**Task prompt:**
Find the line below with "87403972R - OEM" and the line with "OAKWORTH SIENNA thumbnail 6". Output exactly those lines and everything between them, leaving out the pictures.

**The data:**
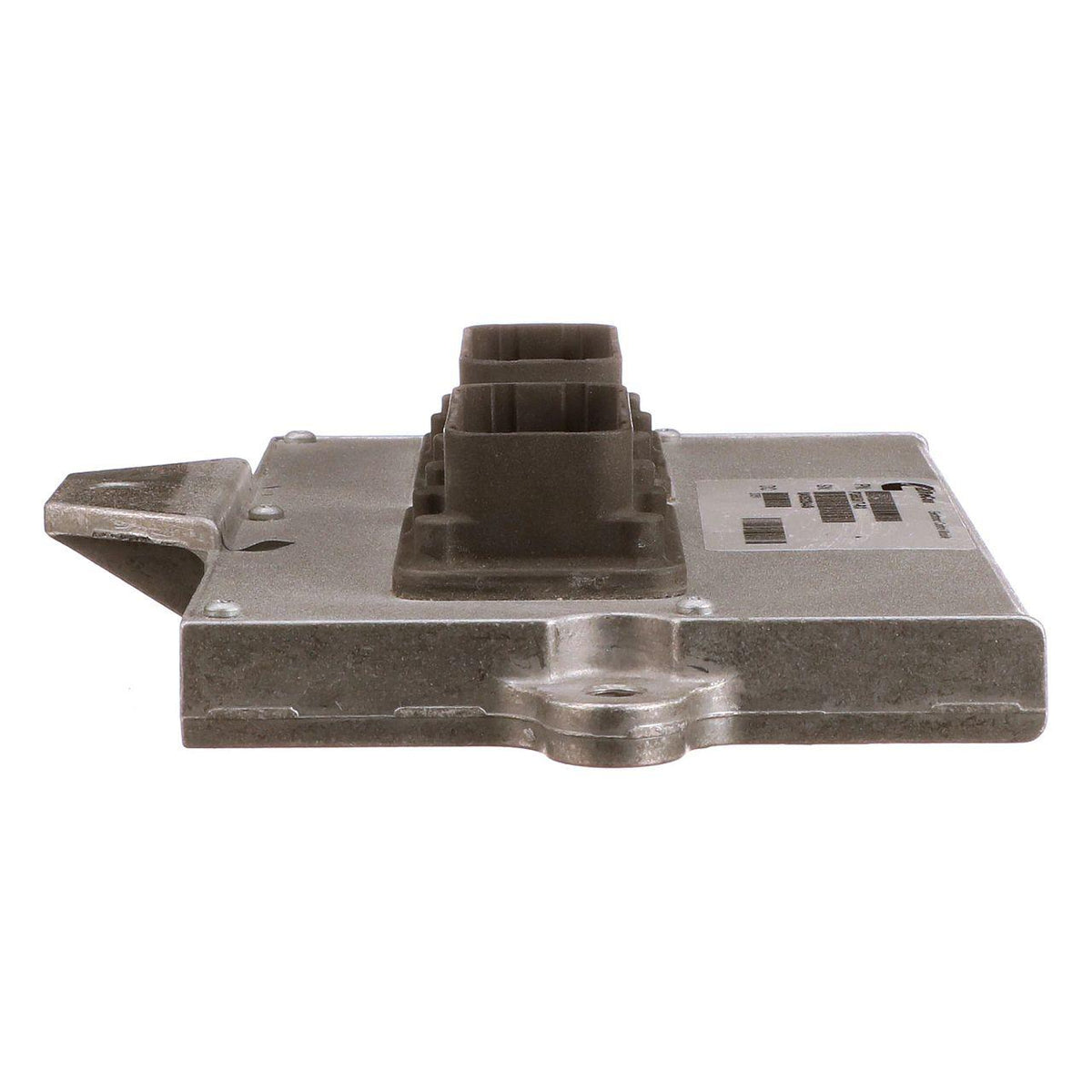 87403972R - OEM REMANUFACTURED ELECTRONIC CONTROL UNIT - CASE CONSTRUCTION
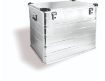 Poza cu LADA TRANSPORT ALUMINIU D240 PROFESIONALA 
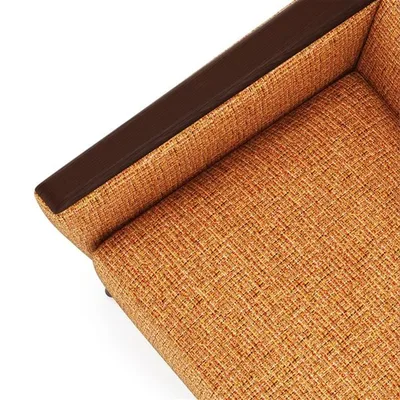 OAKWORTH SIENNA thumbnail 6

---

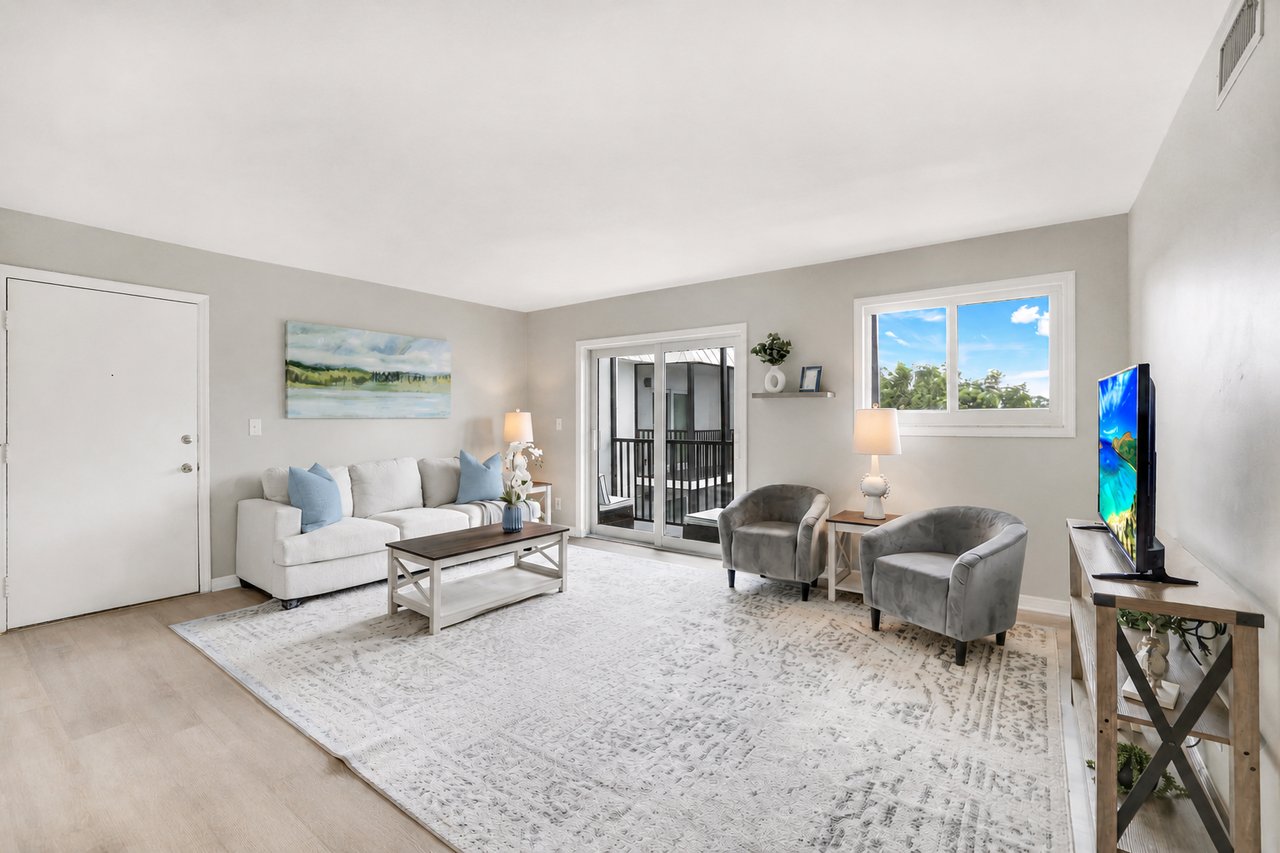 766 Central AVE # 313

**Result of the task:**
 87403972R - OEM REMANUFACTURED ELECTRONIC CONTROL UNIT - CASE CONSTRUCTION
 Poza cu LADA TRANSPORT ALUMINIU D240 PROFESIONALA 
 OAKWORTH SIENNA thumbnail 6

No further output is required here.